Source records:
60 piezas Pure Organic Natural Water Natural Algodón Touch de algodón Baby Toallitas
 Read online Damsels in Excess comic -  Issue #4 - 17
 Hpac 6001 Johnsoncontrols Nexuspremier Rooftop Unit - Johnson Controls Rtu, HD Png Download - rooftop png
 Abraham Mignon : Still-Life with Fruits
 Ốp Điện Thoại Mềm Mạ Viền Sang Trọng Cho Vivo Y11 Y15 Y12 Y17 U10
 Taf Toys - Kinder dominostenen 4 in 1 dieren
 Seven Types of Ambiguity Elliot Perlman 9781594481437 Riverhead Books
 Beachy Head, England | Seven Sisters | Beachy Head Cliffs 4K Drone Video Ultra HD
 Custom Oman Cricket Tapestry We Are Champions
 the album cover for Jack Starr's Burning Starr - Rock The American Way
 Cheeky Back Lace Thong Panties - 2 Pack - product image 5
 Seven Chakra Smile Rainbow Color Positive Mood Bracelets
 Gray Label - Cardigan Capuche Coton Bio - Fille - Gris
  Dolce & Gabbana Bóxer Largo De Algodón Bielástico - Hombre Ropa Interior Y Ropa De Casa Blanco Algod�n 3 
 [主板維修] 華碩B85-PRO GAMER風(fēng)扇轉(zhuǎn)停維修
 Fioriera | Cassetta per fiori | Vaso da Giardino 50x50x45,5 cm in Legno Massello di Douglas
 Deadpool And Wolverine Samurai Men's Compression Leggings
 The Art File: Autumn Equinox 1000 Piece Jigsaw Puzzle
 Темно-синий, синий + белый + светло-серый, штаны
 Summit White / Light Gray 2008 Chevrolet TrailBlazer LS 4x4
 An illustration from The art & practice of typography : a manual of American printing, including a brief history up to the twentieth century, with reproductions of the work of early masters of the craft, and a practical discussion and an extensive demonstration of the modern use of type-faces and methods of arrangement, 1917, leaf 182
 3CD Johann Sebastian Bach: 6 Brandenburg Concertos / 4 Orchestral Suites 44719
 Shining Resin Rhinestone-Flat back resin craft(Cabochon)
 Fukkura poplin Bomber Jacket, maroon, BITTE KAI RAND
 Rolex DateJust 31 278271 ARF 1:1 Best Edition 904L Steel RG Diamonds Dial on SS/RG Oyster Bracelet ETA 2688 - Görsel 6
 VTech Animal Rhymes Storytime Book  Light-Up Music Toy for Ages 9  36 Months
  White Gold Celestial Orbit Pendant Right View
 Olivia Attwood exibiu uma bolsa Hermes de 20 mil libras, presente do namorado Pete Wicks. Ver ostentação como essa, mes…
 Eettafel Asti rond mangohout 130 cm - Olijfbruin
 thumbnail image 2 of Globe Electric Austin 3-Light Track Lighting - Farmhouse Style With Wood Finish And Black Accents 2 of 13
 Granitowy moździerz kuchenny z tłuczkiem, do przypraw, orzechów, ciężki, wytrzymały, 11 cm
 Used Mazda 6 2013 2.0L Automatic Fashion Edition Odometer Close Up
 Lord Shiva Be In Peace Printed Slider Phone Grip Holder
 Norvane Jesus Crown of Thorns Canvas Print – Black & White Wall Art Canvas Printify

:: What to work on ::
The response should consist of every record, written out exactly as given.

:: Answer box ::
60 piezas Pure Organic Natural Water Natural Algodón Touch de algodón Baby Toallitas
 Read online Damsels in Excess comic -  Issue #4 - 17
 Hpac 6001 Johnsoncontrols Nexuspremier Rooftop Unit - Johnson Controls Rtu, HD Png Download - rooftop png
 Abraham Mignon : Still-Life with Fruits
 Ốp Điện Thoại Mềm Mạ Viền Sang Trọng Cho Vivo Y11 Y15 Y12 Y17 U10
 Taf Toys - Kinder dominostenen 4 in 1 dieren
 Seven Types of Ambiguity Elliot Perlman 9781594481437 Riverhead Books
 Beachy Head, England | Seven Sisters | Beachy Head Cliffs 4K Drone Video Ultra HD
 Custom Oman Cricket Tapestry We Are Champions
 the album cover for Jack Starr's Burning Starr - Rock The American Way
 Cheeky Back Lace Thong Panties - 2 Pack - product image 5
 Seven Chakra Smile Rainbow Color Positive Mood Bracelets
 Gray Label - Cardigan Capuche Coton Bio - Fille - Gris
  Dolce & Gabbana Bóxer Largo De Algodón Bielástico - Hombre Ropa Interior Y Ropa De Casa Blanco Algod�n 3 
 [主板維修] 華碩B85-PRO GAMER風(fēng)扇轉(zhuǎn)停維修
 Fioriera | Cassetta per fiori | Vaso da Giardino 50x50x45,5 cm in Legno Massello di Douglas
 Deadpool And Wolverine Samurai Men's Compression Leggings
 The Art File: Autumn Equinox 1000 Piece Jigsaw Puzzle
 Темно-синий, синий + белый + светло-серый, штаны
 Summit White / Light Gray 2008 Chevrolet TrailBlazer LS 4x4
 An illustration from The art & practice of typography : a manual of American printing, including a brief history up to the twentieth century, with reproductions of the work of early masters of the craft, and a practical discussion and an extensive demonstration of the modern use of type-faces and methods of arrangement, 1917, leaf 182
 3CD Johann Sebastian Bach: 6 Brandenburg Concertos / 4 Orchestral Suites 44719
 Shining Resin Rhinestone-Flat back resin craft(Cabochon)
 Fukkura poplin Bomber Jacket, maroon, BITTE KAI RAND
 Rolex DateJust 31 278271 ARF 1:1 Best Edition 904L Steel RG Diamonds Dial on SS/RG Oyster Bracelet ETA 2688 - Görsel 6
 VTech Animal Rhymes Storytime Book  Light-Up Music Toy for Ages 9  36 Months
  White Gold Celestial Orbit Pendant Right View
 Olivia Attwood exibiu uma bolsa Hermes de 20 mil libras, presente do namorado Pete Wicks. Ver ostentação como essa, mes…
 Eettafel Asti rond mangohout 130 cm - Olijfbruin
 thumbnail image 2 of Globe Electric Austin 3-Light Track Lighting - Farmhouse Style With Wood Finish And Black Accents 2 of 13
 Granitowy moździerz kuchenny z tłuczkiem, do przypraw, orzechów, ciężki, wytrzymały, 11 cm
 Used Mazda 6 2013 2.0L Automatic Fashion Edition Odometer Close Up
 Lord Shiva Be In Peace Printed Slider Phone Grip Holder
 Norvane Jesus Crown of Thorns Canvas Print – Black & White Wall Art Canvas Printify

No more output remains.